Writing works with music naturally, since I can sing songs to portray meanings and the like. Imagination and Dreaming helps the writing and music. Counseling and Communication would help me to write things to help people. My joy and humour can help me write songs or stories to make people happy and to make them laugh. My intelligence helps me to know how to manipulate all forms of communication and technology to spread my writing, music, ideas and imagination around.
God has been revealing an idea to me about how I can use all those talents together as well as my future profession to help share his word and to reach people. Like Chris Gardner in the movie, I'm finally recognizing my own potential, and soon I too will reach the point where I'm doing what I'm meant to do and where I've reached that happyness.
James 1:12 has always been a meaningful verse to me. "Blessed is a man who perserveres under trial because when he has stood the test, he will receive the crown of life that God has promised to those who love him".

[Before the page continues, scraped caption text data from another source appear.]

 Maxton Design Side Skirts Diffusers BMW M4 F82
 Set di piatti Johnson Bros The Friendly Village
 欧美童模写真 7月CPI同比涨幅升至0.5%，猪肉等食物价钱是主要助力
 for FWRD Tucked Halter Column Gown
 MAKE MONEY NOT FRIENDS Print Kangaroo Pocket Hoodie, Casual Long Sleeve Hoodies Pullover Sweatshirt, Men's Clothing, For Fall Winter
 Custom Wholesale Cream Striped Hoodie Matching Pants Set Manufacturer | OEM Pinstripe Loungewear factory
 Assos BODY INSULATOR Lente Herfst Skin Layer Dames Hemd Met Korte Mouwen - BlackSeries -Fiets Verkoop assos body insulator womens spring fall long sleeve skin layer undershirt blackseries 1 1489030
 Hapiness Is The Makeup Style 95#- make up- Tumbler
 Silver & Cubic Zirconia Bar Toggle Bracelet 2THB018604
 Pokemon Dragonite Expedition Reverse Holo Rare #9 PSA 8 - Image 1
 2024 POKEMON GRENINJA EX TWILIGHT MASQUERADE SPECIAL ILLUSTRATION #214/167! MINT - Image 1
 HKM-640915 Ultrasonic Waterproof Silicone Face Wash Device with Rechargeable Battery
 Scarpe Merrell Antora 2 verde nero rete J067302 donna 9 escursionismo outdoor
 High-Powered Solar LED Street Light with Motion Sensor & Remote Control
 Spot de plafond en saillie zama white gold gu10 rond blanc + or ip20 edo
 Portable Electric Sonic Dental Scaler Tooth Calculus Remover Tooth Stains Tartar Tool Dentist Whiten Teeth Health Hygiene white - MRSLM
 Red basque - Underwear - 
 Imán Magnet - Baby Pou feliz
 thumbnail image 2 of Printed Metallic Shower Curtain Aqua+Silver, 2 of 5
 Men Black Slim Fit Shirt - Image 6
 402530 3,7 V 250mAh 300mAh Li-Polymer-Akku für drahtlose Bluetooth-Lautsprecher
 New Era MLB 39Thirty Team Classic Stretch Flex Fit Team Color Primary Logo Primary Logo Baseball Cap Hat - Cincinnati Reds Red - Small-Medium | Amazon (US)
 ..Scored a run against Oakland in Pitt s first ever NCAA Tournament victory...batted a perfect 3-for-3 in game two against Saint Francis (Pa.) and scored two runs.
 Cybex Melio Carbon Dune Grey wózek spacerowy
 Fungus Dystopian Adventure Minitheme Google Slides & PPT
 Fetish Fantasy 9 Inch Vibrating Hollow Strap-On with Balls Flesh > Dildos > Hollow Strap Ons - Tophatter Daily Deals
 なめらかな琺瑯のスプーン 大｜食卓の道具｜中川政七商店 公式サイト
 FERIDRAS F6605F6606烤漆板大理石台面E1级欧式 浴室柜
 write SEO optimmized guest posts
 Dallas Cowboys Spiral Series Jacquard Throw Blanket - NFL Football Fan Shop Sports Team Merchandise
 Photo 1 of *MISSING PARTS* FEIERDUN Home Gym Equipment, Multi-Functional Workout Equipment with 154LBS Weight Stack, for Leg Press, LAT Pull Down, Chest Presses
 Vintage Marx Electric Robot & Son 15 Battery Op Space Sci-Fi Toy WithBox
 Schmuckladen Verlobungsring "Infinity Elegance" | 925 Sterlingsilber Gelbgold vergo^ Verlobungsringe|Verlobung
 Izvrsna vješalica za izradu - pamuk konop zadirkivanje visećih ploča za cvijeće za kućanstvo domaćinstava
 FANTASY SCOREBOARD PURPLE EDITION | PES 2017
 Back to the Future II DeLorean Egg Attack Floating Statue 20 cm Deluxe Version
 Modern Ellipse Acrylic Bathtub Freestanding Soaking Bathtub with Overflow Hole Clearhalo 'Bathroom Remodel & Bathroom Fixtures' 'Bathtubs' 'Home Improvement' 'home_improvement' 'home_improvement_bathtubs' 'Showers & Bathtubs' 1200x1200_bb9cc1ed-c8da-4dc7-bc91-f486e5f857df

God has promised me something great. He put me into a life where nothing was made easy for me. That's my test, he doesn't want me to give up. I have to perservere despite all my circumstances and then I'll get what he's promised. It's such an exciting thing when you can finally taste the fact that you're going in the right direction finally. I spent 3 years after highschool, casting about, never catching anything. Now I finally decided to fish in a different spot, with a different rod and a different lure and at a different time of day. Now I'm bound to catch a big on. With God on my hook, how could I not?